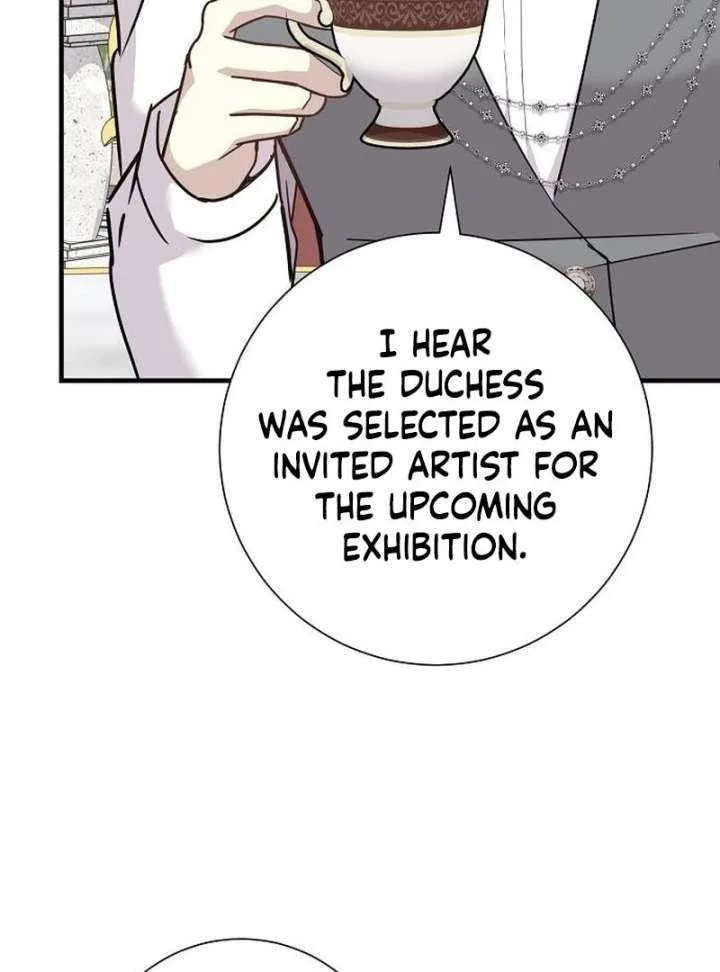 For My Gentle Monster chapter 17 page 35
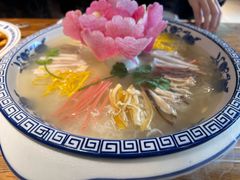 -老雒阳清真水席(瀍河店)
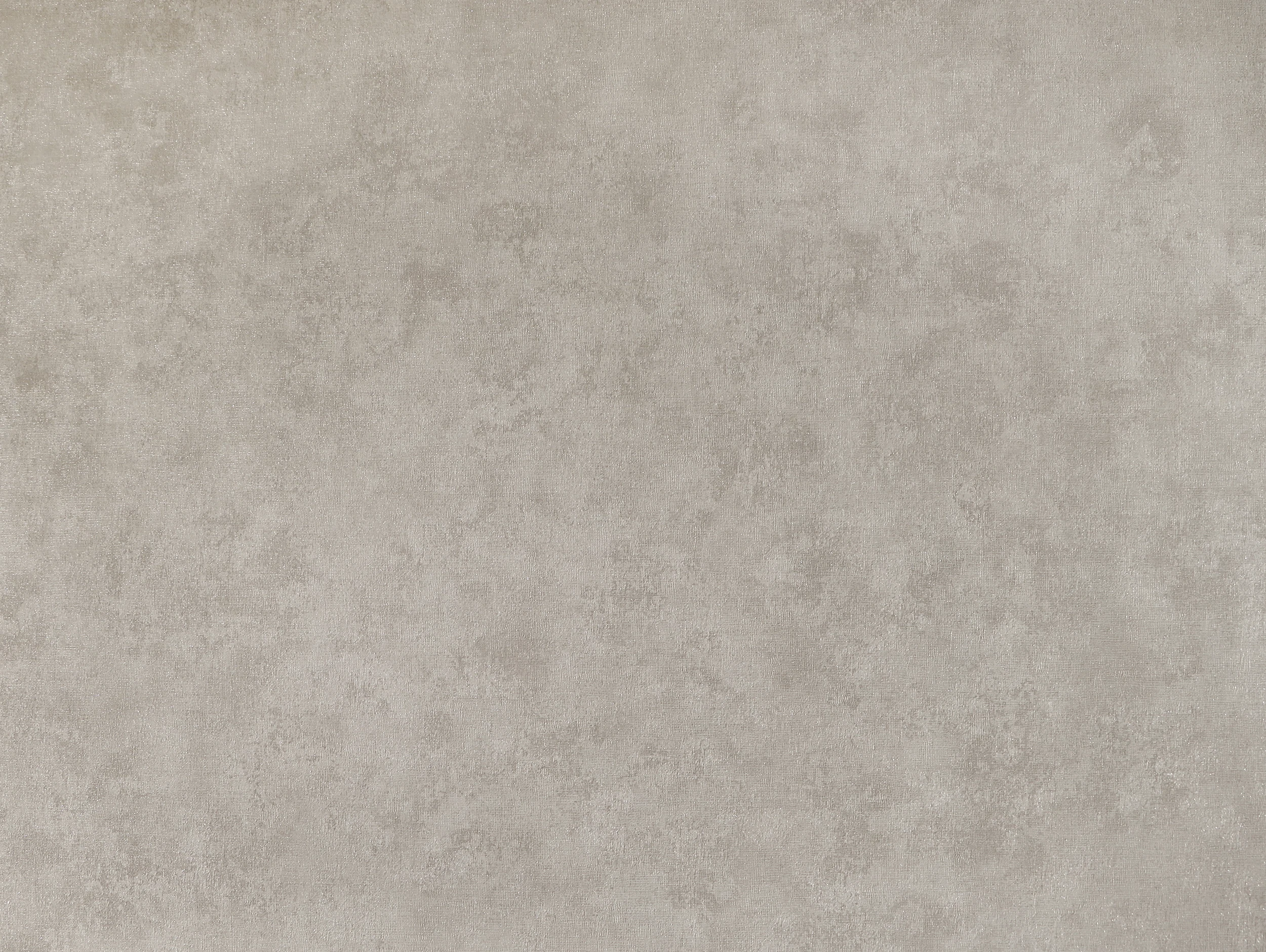 Изображение товара Обои виниловые Е703511 Elysium Монами флизелин 1,06x10,05м с текстурой под штукатурку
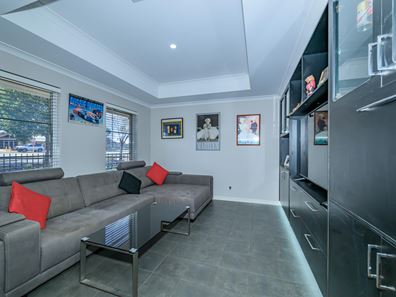 98 Kardan Boulevard, Byford WA 6122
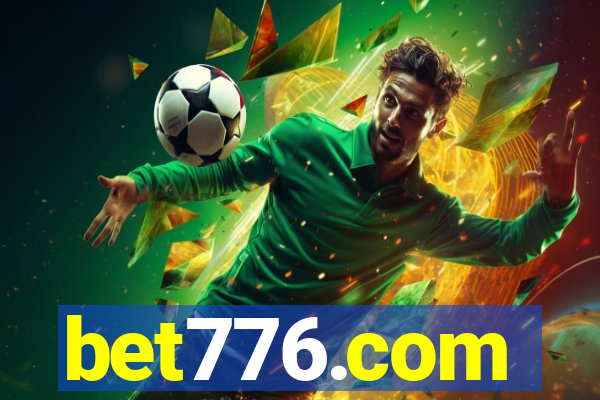 bet776.com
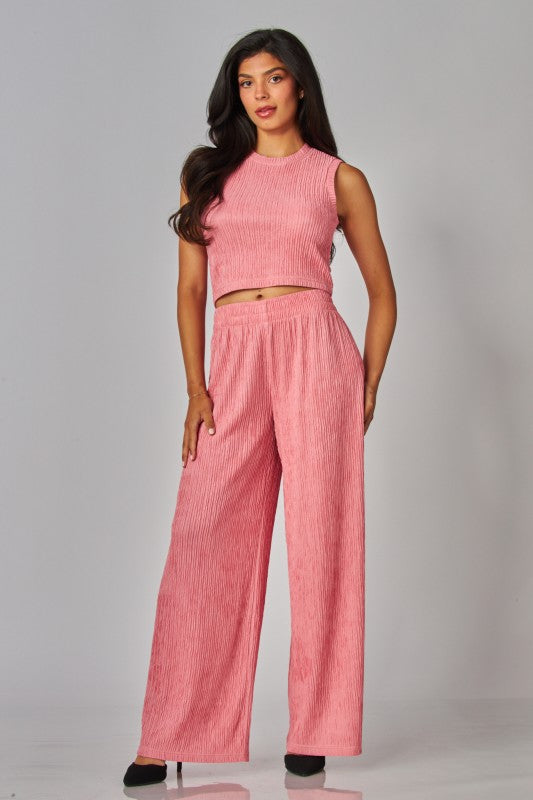 Havana Set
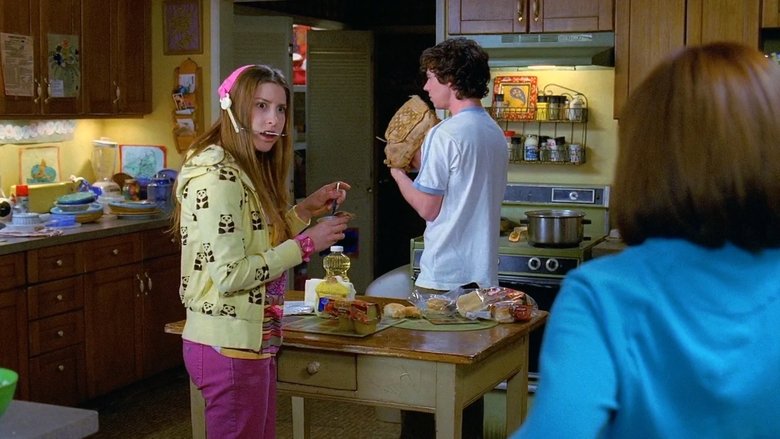 Разносчик газет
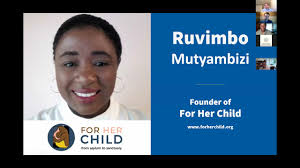 Refugee Employment Network Annual Summit 2021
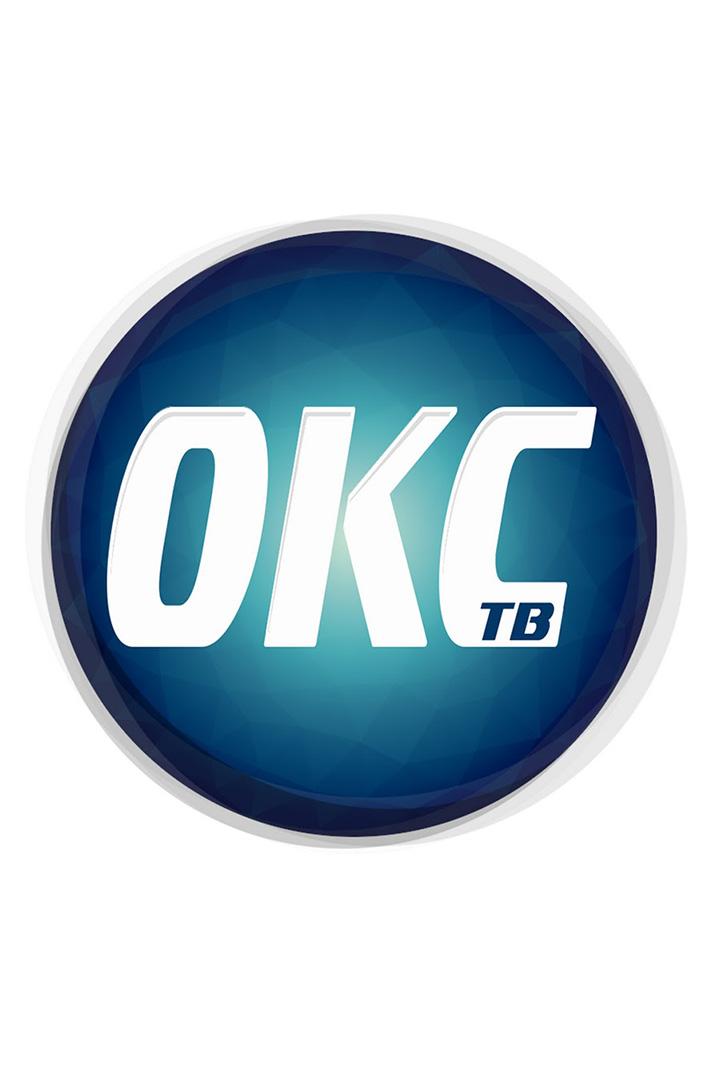 ОКС-ТВ (oks-tv) Другое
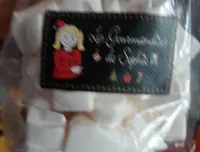 Les gourmandises de Sophi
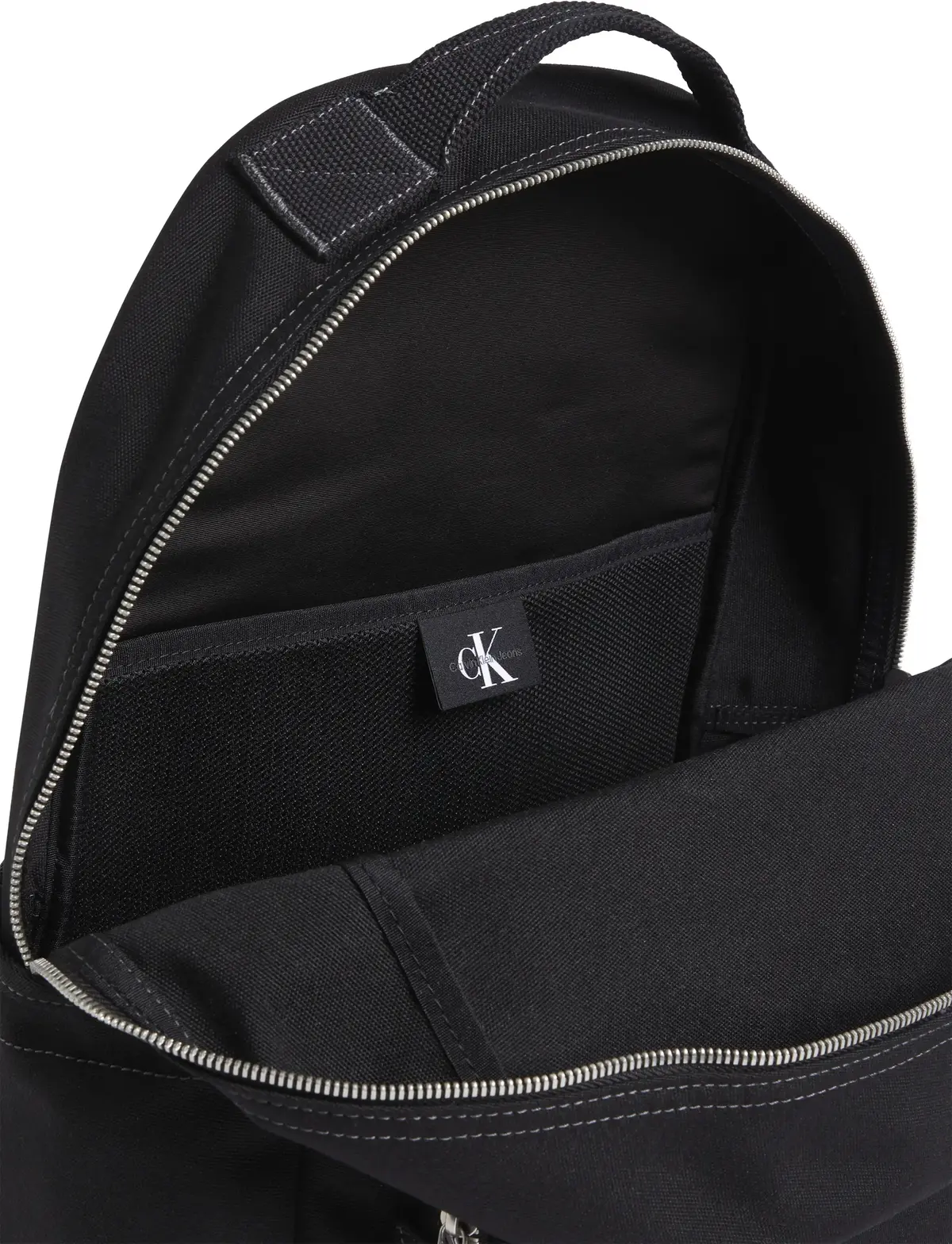 Calvin Klein Siyah Erkek Çanta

============

Each entry should come back exactly as written, with its pictures omitted.

### Finished task:
 For My Gentle Monster chapter 17 page 35
 -老雒阳清真水席(瀍河店)
 Изображение товара Обои виниловые Е703511 Elysium Монами флизелин 1,06x10,05м с текстурой под штукатурку
 98 Kardan Boulevard, Byford WA 6122
 bet776.com
 Havana Set
 Разносчик газет
 Refugee Employment Network Annual Summit 2021
 ОКС-ТВ (oks-tv) Другое
 Les gourmandises de Sophi
 Calvin Klein Siyah Erkek Çanta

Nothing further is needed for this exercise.